Esto, por antonomasia, es una condición de vida. La existencia de una membrana (límite) entre el organismo y su ambiente le permite la supervivencia, ya desde el interior sabe asimilar lo que le es nutritivo y dejar afuera lo dañino. Reconocer esta función de la vida, permite poner límites de forma tranquila, firme, no manipuladora, no directiva y no sentirnos heridos por esos límites.

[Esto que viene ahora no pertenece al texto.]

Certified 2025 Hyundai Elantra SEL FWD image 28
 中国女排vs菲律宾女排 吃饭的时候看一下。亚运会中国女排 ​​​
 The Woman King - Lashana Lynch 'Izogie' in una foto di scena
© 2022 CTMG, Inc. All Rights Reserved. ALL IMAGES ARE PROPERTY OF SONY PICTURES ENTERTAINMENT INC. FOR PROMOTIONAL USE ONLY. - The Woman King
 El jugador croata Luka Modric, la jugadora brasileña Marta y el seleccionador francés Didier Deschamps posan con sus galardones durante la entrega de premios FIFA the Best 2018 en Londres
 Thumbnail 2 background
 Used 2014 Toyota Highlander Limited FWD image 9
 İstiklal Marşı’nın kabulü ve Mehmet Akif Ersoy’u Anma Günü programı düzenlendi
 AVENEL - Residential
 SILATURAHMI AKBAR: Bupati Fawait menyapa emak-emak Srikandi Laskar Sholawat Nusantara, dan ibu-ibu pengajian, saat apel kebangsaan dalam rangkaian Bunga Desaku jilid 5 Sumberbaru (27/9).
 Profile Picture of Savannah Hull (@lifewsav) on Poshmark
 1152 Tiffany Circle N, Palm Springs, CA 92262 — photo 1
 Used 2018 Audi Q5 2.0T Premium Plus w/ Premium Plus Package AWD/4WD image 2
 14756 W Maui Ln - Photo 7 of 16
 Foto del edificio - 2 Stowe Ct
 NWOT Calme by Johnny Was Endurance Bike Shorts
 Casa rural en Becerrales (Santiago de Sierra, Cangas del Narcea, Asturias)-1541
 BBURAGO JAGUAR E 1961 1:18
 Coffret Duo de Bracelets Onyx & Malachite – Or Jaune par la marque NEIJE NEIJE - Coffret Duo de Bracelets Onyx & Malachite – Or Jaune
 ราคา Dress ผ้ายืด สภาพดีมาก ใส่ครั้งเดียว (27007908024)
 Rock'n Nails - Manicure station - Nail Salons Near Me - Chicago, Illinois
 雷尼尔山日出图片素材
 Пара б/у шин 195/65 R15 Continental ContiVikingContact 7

Esta membrana física es la piel (que rodea a cada célula, órgano y a la persona entera, etc, sin dejar cada uno de funcionar en conjunto) y también existe la membrana emocional (cuales son mis sentimientos y cuales los tuyos) y a nivel intelectual (saber cuales son mis pensamientos y cuales los tuyos).
Esta membrana contiene.
Una madre con una membrana emocional herida como consecuencia de su desarrollo inapropiado en la infancia, al tener un hijo que, aunque se haya desprendido físicamente, aún no emocionalmente, puede presentar una gran confusión acerca de los sentimientos que son propios y los que son del niño ocasionando daños en la membrana emocional del niño.
El dolor del límite
Los límites implican dolor (y nos defendemos del dolor a través de diversas actitudes a tener en cuenta), y el dolor no necesita explicación para sanar, sólo de alguien que acompañe. Ya que es mucho más dolorosa la vivencia de la falta del adulto que la vivencia del límite concreto. Lo que el niño necesita es un adulto que acepte su dolor, que no intente desviar su atención, que le deje llorar o protestar sin disuadirle de sus sentimientos ni sus pensamientos.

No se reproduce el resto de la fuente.